▶ **WORK INSTRUCTION**
Range to repeat from the listing below: the line containing "you deleted that" down to the line containing "Hi, this is", both included. Copy it exactly, pictures excluded, and add nothing else.

▶ **PROVIDED ENTRIES**

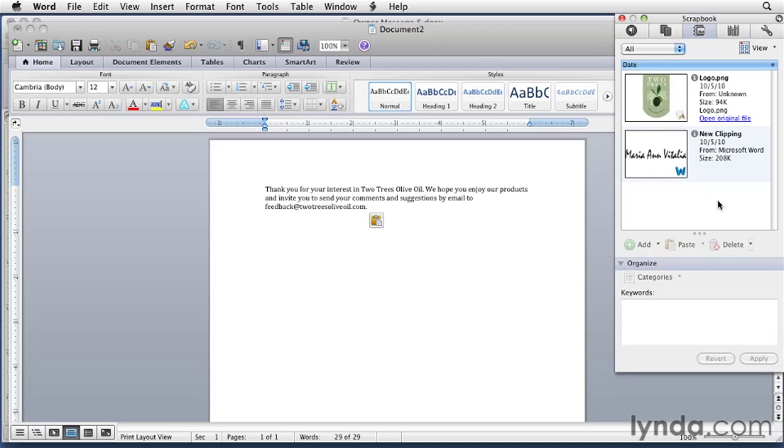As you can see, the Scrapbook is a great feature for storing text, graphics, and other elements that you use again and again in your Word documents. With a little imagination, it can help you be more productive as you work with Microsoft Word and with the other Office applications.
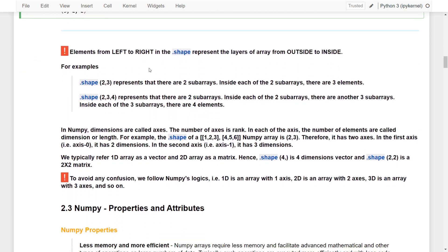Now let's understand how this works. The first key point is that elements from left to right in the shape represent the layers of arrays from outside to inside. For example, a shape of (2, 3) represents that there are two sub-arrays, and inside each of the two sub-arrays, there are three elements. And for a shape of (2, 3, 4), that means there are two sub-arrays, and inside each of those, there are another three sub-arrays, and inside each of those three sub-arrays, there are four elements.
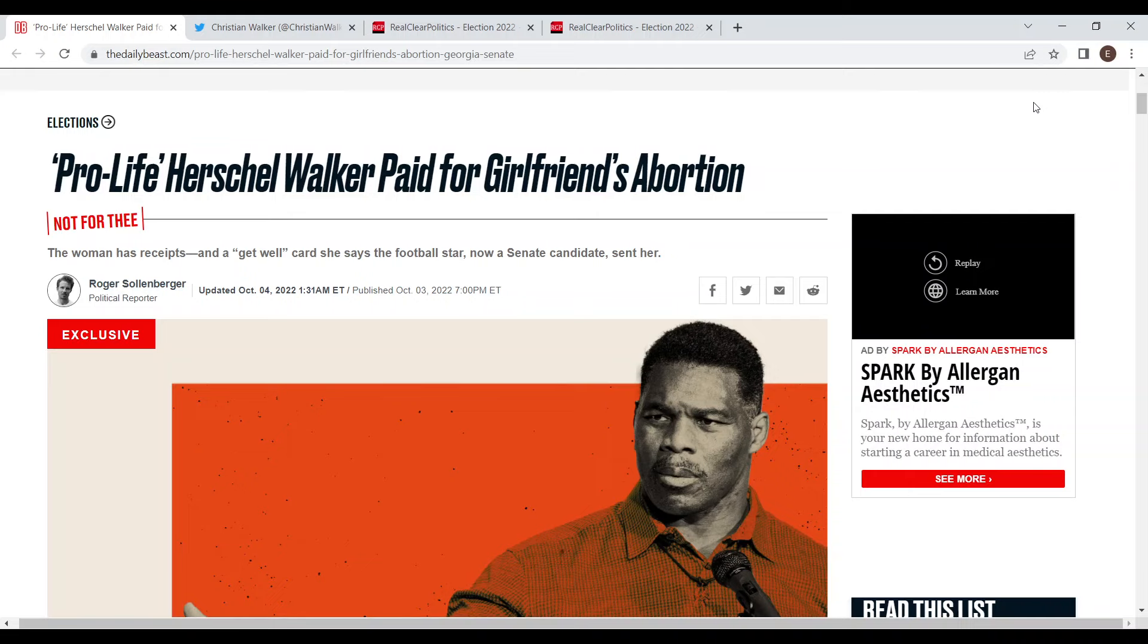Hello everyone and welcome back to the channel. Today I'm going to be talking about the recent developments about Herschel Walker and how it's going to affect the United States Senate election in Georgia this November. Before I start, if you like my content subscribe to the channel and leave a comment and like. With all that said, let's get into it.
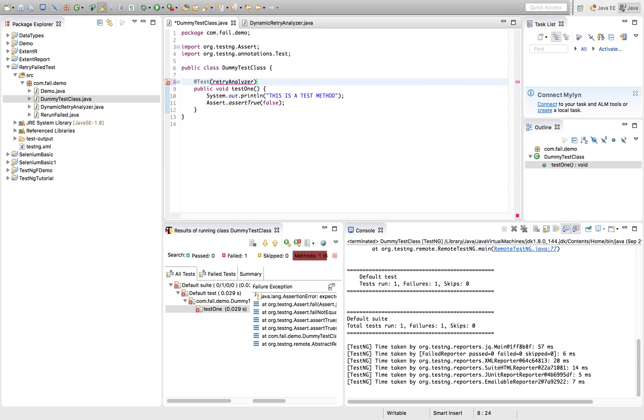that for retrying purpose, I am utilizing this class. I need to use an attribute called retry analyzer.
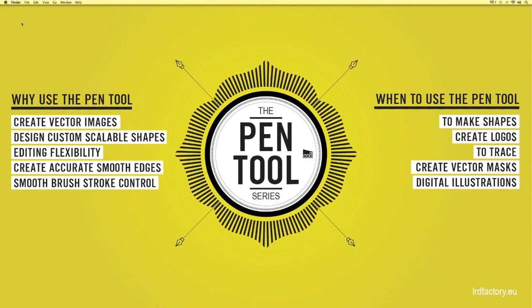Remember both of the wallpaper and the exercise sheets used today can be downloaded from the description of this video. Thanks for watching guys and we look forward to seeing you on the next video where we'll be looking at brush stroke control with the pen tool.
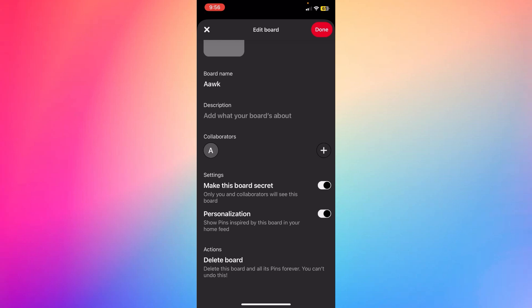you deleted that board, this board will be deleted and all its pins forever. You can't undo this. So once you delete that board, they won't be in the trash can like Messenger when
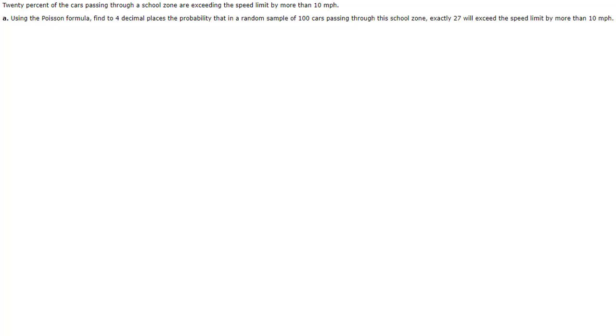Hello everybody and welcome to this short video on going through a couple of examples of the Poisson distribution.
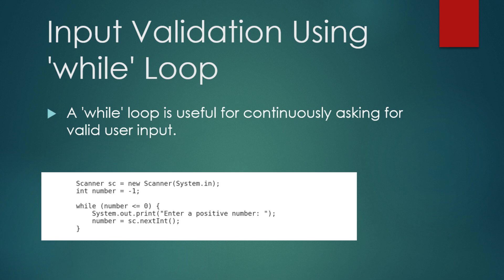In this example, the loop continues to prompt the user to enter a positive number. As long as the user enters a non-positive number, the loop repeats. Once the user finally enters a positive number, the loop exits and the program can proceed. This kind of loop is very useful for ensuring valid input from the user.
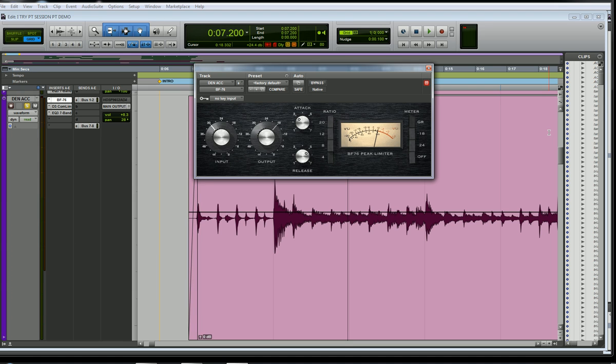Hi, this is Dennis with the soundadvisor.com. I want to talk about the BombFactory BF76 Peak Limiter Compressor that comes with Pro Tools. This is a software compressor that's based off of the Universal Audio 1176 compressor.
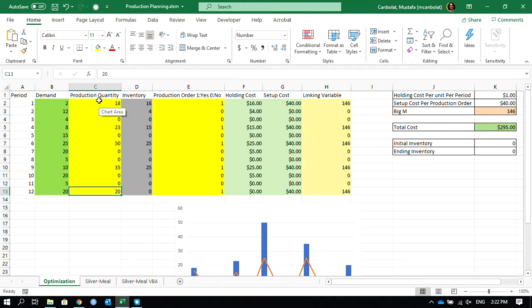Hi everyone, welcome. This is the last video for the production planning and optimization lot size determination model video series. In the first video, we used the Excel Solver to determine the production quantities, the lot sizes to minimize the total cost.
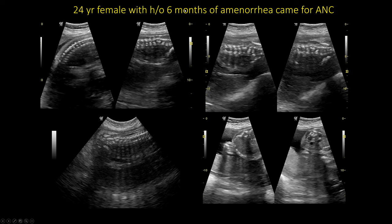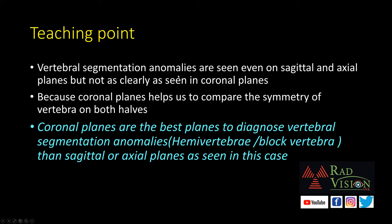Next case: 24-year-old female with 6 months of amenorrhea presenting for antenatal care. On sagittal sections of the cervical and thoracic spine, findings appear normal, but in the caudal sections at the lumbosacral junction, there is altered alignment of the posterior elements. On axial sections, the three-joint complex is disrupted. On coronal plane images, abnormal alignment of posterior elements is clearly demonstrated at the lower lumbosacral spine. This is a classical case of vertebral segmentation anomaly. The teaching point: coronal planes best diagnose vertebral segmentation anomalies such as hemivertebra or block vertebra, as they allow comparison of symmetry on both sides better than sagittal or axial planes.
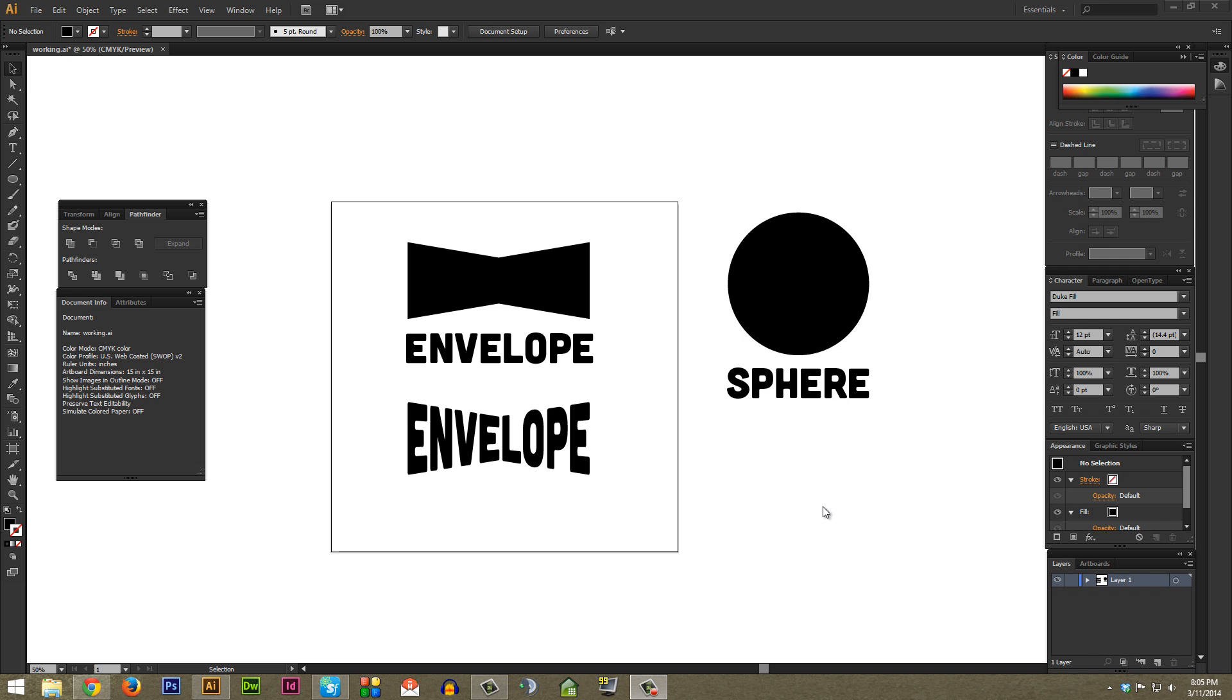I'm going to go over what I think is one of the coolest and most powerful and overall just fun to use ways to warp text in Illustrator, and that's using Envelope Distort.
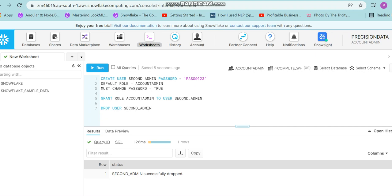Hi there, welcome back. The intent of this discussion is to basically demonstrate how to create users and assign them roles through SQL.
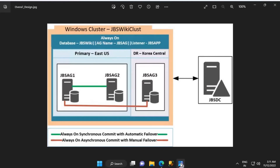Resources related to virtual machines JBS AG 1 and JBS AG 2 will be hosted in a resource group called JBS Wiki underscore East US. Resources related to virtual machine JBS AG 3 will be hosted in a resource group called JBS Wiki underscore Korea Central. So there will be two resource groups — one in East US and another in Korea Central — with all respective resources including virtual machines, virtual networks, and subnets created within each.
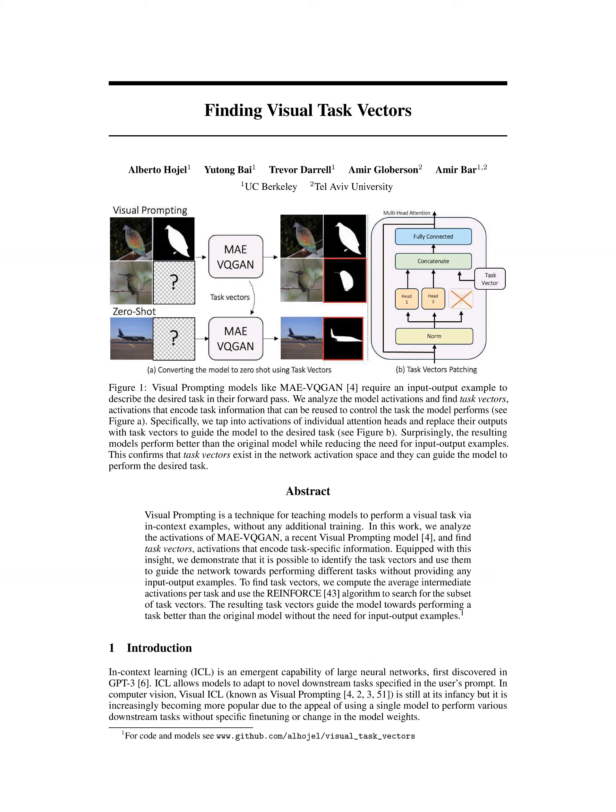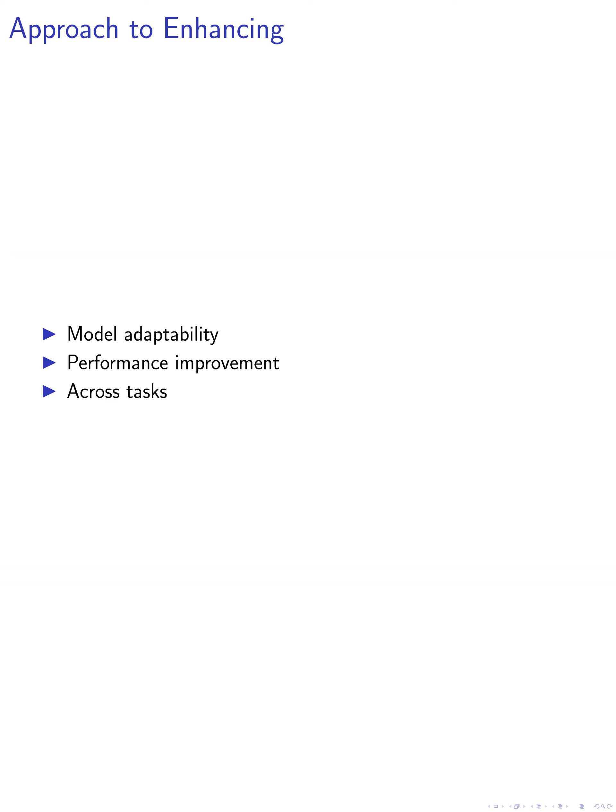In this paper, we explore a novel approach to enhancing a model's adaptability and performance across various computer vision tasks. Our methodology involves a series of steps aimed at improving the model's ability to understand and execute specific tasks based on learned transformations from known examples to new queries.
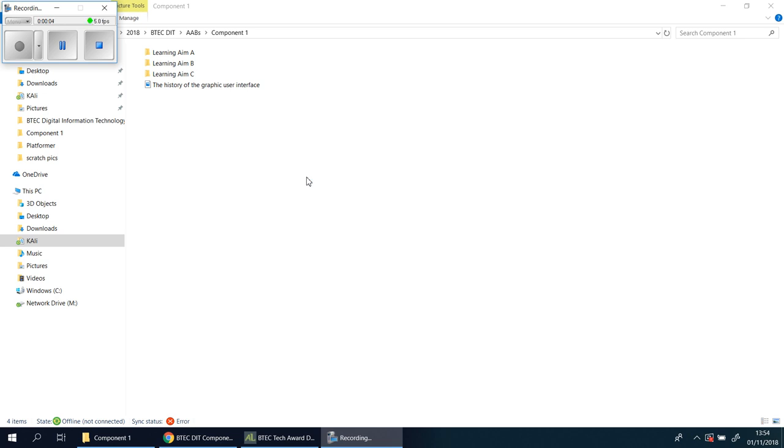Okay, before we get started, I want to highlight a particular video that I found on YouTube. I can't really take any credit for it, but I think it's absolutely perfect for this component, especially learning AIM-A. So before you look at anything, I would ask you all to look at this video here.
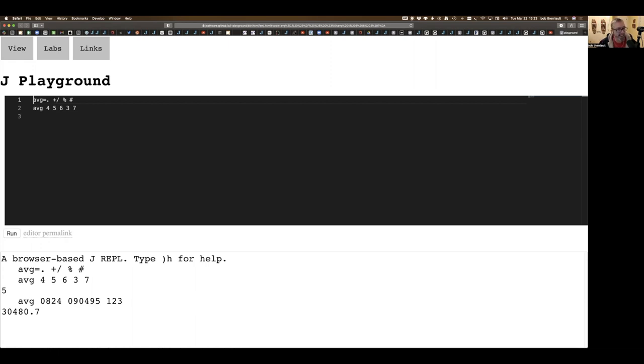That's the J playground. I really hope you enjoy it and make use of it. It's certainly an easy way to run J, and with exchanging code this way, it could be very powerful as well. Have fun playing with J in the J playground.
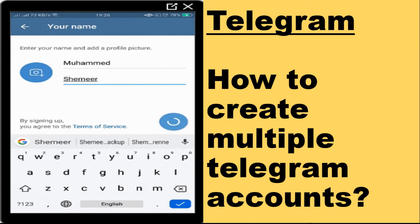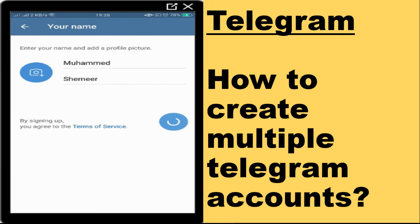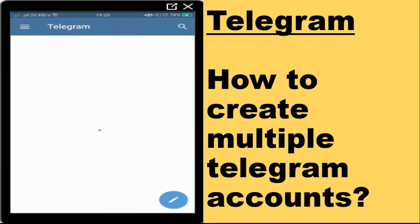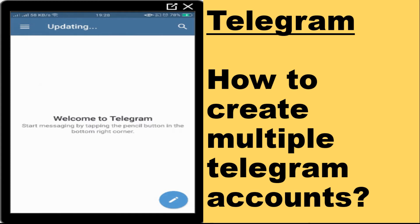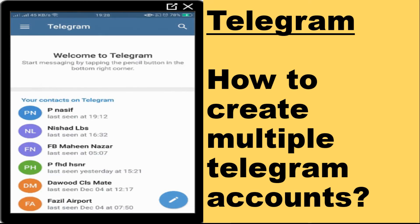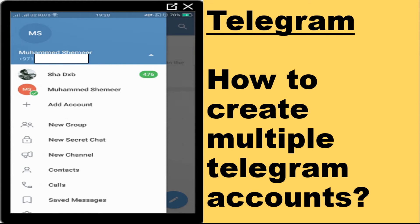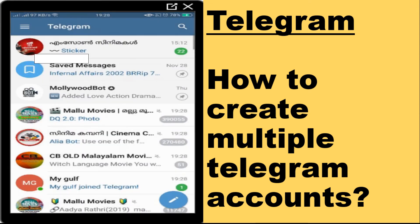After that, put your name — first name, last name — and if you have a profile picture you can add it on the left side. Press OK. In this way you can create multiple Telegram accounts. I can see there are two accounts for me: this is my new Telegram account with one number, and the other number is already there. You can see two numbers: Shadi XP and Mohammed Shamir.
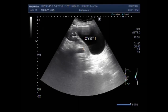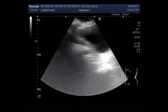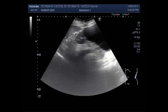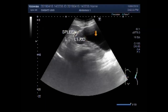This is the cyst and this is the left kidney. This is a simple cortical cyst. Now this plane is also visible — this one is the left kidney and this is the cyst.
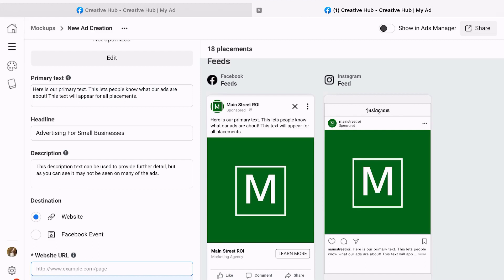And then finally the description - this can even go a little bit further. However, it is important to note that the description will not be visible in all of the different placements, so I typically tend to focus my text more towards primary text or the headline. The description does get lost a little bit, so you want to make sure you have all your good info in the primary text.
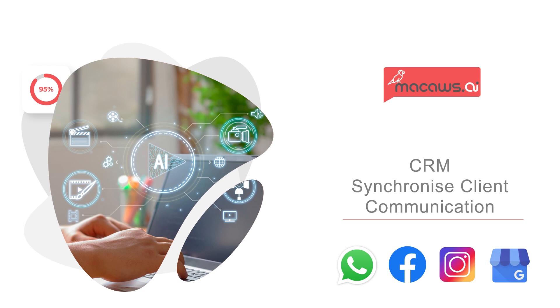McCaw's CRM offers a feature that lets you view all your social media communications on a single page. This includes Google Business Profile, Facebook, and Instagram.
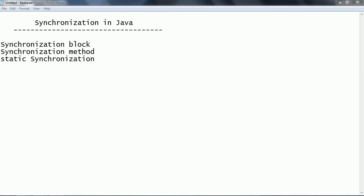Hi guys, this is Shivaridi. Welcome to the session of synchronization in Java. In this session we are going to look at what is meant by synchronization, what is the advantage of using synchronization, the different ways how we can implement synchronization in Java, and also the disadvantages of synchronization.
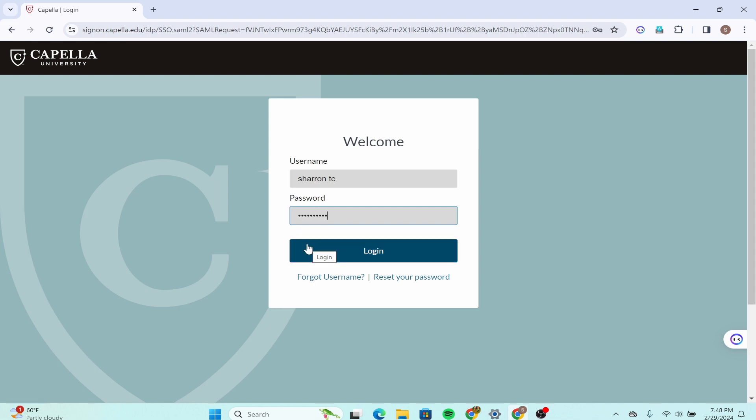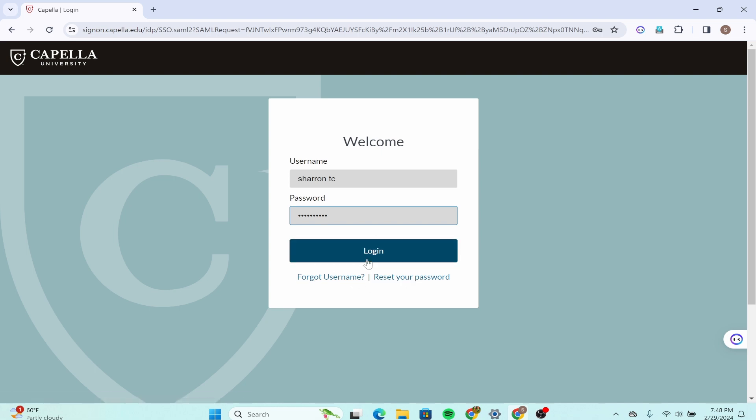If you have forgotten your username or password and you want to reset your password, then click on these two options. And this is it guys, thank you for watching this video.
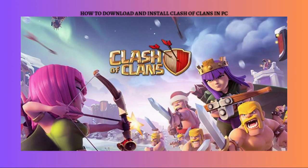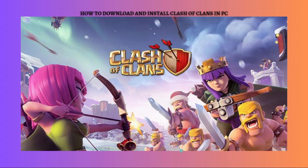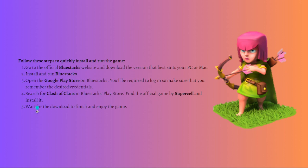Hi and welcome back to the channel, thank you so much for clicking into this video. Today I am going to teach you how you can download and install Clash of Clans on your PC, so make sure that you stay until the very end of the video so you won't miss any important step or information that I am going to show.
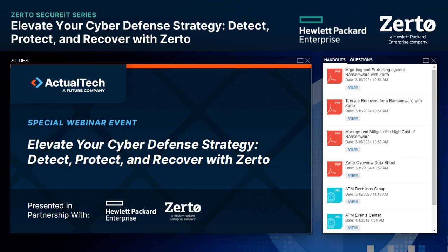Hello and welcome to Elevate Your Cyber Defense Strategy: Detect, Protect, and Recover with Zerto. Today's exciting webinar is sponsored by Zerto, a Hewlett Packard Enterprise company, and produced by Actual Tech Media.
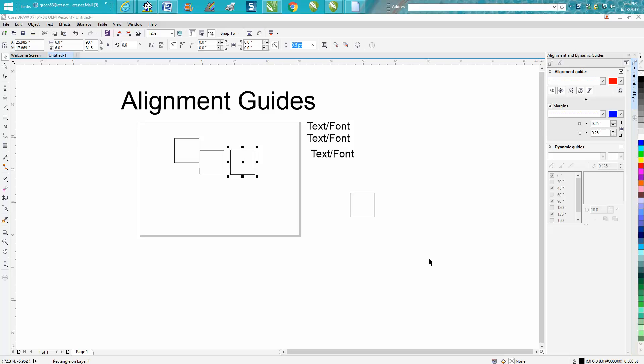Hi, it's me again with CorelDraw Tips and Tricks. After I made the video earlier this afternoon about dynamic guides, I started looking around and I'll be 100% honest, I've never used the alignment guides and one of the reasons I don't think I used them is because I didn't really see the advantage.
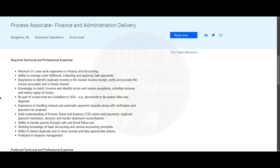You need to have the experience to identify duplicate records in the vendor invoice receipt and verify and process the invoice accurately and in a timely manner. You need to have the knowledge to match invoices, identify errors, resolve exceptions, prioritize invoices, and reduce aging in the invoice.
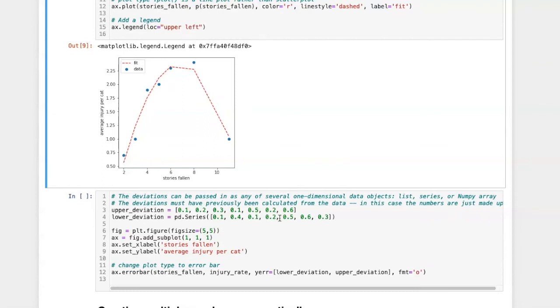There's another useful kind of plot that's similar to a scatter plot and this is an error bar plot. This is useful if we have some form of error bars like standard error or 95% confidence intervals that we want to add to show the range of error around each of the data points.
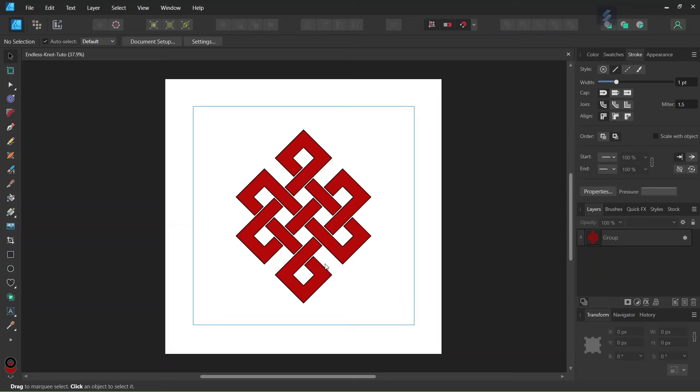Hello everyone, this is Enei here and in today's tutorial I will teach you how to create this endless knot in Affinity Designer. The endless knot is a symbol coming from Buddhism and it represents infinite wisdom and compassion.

▶ **RESPONSE AREA**
you deleted that board, this board will be deleted and all its pins forever. You can't undo this. So once you delete that board, they won't be in the trash can like Messenger when
Hello everybody and welcome to this short video on going through a couple of examples of the Poisson distribution.
In this example, the loop continues to prompt the user to enter a positive number. As long as the user enters a non-positive number, the loop repeats. Once the user finally enters a positive number, the loop exits and the program can proceed. This kind of loop is very useful for ensuring valid input from the user.
Hi, this is Dennis with the soundadvisor.com. I want to talk about the BombFactory BF76 Peak Limiter Compressor that comes with Pro Tools. This is a software compressor that's based off of the Universal Audio 1176 compressor.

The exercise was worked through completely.